**GOAL OF THE EXERCISE**
From the entries below, copy exactly the lines from the one that contains "Berruto Fettuccine Carbonara" through the one that contains "200pcs Split Key", both included, and only those.

**MATERIAL FOR THIS EXERCISE**

# # #

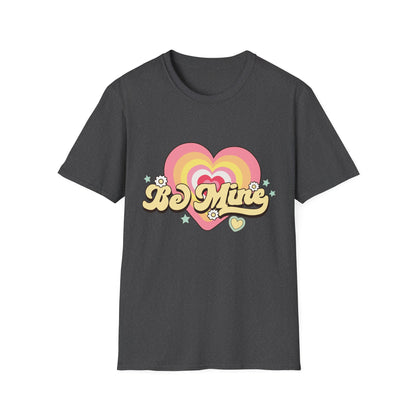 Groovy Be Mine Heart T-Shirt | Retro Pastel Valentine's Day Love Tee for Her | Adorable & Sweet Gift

# # #

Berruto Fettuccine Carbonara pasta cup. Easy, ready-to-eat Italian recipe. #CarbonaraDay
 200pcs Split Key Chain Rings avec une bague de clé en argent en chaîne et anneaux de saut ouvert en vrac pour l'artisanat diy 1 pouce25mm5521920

# # #

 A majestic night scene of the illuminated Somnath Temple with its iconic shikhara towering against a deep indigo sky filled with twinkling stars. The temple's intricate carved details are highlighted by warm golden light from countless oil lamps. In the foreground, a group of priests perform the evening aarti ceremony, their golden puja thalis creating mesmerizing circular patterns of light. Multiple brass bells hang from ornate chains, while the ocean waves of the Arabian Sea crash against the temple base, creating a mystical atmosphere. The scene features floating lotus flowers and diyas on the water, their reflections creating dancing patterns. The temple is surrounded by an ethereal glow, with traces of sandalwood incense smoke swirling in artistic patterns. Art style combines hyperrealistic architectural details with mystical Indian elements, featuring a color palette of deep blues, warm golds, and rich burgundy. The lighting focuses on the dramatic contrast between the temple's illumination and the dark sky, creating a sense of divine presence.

# # #

**PROBLEM SOLUTION**
Berruto Fettuccine Carbonara pasta cup. Easy, ready-to-eat Italian recipe. #CarbonaraDay
 200pcs Split Key Chain Rings avec une bague de clé en argent en chaîne et anneaux de saut ouvert en vrac pour l'artisanat diy 1 pouce25mm5521920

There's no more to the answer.